Ia belum bisa memastikan kapan Buni Yani akan dieksekusi sebab prosesnya diserahkan kepada Kejaksaan Negeri setempat yang sebelumnya menangani perkara tersebut.
"Ya, nanti kalau sudah tuntas dikirimkan. Kami tidak bisa memberikan batasan waktu, tetapi dengan petikan putusan sudah bisa dilakukan eksekusi," ujarnya.
Terkait pelaksanaan eksekusi terhadap Buni Yani, Jaksa Agung Muda Bidang Pidana Umum (Jampidum), Noor Rochman juga belum dapat memberikan kepastiannya.
"Nanti saya cek dulu apa Kejari (Kejaksaan Negeri) Bandung sudah terima salinan putusan MA tersebut," katanya seperti dikutip dari laman Detik.com.
Pada 14 November 2017, Pengadilan Negeri Bandung dalam putusan bernomor 674 tahun 2017 menyatakan Buni Yani terbukti secara sah dan meyakinkan bersalah melakukan tindak pidana informasi dan transaksi elektronik.

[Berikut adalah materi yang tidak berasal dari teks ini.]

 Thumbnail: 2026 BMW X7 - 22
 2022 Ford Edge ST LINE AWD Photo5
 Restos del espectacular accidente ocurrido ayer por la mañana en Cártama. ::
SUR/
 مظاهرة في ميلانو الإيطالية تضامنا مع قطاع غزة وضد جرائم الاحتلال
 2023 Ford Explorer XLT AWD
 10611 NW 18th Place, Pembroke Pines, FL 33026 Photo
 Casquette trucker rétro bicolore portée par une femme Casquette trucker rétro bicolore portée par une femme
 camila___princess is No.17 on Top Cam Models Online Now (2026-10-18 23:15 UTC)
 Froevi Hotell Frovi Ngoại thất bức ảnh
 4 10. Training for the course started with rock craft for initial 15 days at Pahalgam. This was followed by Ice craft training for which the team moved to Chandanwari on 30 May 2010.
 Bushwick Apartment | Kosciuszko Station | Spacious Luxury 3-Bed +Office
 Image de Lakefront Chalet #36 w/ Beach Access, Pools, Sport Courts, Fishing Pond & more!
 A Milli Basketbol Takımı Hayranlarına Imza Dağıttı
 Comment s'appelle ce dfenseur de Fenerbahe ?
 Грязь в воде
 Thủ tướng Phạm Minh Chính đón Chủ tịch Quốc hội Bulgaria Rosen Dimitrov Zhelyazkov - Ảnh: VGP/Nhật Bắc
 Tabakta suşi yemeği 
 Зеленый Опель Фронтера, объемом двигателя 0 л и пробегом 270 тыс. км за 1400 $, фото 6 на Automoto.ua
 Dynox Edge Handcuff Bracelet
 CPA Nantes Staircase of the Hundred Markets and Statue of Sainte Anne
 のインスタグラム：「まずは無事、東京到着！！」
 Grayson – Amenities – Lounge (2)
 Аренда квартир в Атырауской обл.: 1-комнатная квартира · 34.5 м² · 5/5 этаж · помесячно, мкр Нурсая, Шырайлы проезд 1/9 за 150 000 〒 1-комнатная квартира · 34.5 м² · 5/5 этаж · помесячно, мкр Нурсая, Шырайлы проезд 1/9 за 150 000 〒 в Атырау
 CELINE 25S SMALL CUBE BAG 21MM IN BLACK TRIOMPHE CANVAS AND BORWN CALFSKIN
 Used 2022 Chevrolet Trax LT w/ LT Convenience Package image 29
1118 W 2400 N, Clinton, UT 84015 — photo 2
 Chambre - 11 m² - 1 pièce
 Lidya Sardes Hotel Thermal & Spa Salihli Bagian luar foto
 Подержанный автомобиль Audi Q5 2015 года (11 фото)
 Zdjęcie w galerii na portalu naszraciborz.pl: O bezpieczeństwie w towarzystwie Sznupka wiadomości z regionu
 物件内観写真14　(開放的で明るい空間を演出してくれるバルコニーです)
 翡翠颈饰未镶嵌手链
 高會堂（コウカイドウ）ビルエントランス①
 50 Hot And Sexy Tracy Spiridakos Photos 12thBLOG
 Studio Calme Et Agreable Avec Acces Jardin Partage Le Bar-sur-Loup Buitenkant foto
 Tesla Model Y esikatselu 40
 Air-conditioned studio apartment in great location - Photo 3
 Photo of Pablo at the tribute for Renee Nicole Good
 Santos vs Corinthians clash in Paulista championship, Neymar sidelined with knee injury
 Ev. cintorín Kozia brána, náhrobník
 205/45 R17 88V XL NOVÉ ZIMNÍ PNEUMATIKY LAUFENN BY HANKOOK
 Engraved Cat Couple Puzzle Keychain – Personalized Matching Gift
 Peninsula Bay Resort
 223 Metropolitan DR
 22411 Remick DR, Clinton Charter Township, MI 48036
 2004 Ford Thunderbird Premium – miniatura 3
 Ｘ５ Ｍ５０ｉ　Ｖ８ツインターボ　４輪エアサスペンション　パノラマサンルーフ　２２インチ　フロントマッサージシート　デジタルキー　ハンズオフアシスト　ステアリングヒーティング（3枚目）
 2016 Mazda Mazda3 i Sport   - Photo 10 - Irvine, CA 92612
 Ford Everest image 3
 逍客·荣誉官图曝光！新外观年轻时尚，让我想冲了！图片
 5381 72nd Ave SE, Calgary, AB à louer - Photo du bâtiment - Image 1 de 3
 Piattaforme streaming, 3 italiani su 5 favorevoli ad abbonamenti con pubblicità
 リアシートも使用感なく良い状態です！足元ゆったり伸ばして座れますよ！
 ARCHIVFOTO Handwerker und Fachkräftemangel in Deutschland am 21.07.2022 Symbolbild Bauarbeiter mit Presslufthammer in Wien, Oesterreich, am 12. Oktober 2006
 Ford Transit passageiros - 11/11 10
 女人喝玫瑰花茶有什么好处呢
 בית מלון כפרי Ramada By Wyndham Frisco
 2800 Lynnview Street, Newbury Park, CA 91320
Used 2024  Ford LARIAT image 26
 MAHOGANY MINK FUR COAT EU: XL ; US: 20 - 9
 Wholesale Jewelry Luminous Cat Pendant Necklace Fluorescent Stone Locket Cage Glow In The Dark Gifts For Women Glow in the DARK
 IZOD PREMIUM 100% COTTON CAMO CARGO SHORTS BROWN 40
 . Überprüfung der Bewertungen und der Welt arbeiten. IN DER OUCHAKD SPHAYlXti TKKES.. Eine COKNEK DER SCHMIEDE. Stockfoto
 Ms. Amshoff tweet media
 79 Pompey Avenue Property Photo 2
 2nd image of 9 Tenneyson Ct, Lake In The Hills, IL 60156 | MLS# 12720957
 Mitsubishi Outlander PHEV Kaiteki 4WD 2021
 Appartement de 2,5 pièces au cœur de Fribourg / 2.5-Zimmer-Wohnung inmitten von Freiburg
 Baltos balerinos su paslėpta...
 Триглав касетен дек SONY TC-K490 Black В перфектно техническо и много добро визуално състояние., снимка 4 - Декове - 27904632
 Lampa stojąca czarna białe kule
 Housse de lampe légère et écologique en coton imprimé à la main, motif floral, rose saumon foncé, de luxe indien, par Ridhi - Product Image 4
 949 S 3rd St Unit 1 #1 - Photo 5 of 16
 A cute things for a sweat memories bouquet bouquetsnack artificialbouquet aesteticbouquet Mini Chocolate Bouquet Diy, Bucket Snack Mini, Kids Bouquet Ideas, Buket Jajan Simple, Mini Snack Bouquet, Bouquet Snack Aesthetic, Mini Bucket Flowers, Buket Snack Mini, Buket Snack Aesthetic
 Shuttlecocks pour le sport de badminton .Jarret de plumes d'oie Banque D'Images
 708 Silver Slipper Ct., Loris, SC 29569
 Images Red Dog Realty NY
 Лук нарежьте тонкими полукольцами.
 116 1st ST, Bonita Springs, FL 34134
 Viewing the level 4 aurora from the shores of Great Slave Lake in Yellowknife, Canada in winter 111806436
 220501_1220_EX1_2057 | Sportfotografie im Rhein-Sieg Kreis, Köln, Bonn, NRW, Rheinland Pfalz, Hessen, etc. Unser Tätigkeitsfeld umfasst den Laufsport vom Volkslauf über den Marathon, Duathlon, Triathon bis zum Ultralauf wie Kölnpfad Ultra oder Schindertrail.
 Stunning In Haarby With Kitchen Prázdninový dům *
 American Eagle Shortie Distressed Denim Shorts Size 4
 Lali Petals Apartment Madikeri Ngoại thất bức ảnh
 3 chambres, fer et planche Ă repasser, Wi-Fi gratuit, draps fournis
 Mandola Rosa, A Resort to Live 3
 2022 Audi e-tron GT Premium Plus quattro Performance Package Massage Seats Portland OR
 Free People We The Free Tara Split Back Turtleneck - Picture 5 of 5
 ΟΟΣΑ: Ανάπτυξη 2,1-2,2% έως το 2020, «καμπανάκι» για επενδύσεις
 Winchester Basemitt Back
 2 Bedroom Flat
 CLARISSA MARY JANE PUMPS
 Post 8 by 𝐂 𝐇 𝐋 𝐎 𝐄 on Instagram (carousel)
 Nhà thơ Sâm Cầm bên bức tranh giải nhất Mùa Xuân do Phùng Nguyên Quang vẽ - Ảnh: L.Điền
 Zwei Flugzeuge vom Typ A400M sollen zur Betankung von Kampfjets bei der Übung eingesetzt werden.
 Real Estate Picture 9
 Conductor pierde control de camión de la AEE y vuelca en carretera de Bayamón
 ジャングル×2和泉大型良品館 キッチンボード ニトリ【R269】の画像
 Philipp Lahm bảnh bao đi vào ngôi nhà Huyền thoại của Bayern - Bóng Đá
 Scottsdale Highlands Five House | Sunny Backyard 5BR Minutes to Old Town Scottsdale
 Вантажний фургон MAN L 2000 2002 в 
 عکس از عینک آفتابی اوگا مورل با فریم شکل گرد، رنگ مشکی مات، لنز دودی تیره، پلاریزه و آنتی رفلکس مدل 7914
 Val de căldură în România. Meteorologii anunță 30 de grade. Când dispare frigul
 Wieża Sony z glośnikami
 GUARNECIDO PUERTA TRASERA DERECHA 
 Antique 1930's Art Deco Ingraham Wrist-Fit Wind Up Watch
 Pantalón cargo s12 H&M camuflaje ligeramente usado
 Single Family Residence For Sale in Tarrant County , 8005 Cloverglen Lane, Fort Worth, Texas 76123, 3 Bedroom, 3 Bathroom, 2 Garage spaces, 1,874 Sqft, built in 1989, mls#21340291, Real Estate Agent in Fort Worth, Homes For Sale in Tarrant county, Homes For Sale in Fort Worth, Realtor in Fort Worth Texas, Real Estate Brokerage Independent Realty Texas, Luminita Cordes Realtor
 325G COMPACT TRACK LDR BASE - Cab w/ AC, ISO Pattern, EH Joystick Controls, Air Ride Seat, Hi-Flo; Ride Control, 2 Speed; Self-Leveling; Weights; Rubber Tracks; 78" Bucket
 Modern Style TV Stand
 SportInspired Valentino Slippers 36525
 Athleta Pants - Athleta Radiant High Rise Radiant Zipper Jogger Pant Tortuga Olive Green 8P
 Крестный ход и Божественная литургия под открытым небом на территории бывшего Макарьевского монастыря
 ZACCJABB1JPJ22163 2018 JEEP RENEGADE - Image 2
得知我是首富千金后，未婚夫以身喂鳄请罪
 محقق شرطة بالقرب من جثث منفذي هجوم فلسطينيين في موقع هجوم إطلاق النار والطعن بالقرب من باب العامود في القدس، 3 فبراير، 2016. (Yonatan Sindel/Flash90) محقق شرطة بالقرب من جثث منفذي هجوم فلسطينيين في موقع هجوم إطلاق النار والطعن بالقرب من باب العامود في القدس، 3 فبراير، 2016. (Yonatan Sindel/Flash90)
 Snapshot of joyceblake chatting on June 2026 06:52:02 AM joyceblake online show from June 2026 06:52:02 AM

Dia dinyatakan sengaja dan tanpa hak mengubah, menambah, mengurangi, melakukan transmisi, dan menghilangkan suatu informasi elektronik.
Majelis Hakim Pengadilan Negeri Bandung menvonis Buni Yani dengan hukuman 1,5 tahun penjara, namun tidak diputuskan langsung ditahan.
Keputusan itu berbeda dengan perlakuan terhadap Ahok, yang langsung ditahan setelah vonis.
Atas putusan tersebut, Buni Yani mengajukan banding di Pengadilan Tinggi Jawa Barat, pada Mei 2018.
Tapi pengadilan yang lebih tinggi itu menolak banding Buni Yani dan menguatkan putusan pengadilan Negeri Bandung.
Lalu, Buni Yani mengajukan kasasi ke MA, yang kemudian juga menolaknya.
Harus ditahan
Jika pun Buni Yani nanti mengajukan PK setelah MA menolak kasasi yang diajukan kuasa hukumnya, menurut pakar hukum Pidana dari Universitas Trisakti, Abdul Fickar Hadjar, Buni Yani harus menjalani hukuman.
Hal itu, kata Fickar, ditegaskan secara tersurat dalam Pasal 268 ayat 1 Kitab Undang-Undang Hukum Acara Pidana (KUHAP) karena putusan MA merupakan putusan terakhir dan berkuatan hukum tetap.
“Jadi Buni Yani tetap harus menjalani hukuman sebagaimana putusan MA. Jadi, tidak akan menunda eksekusi,” katanya saat dihubungi BeritaBenar.
Untuk mengajukan PK, menurut Fickar, kuasa hukum Buni Yani harus bisa menunjukkan bukti baru atas dasar majelis hakim sebelumnya apabila keliru dalam memutus perkara tersebut.
Syarat itu, tambahnya, harus dipenuhi Buni Yani agar MA nanti bisa mempertimbangkan PK yang diajukan.
“Prosesnya tidak langsung akan diterima, harus diperiksa dulu apakah ada novum baru atau tidak, itu yang harus dipenuhi terlebih dahulu,” katanya.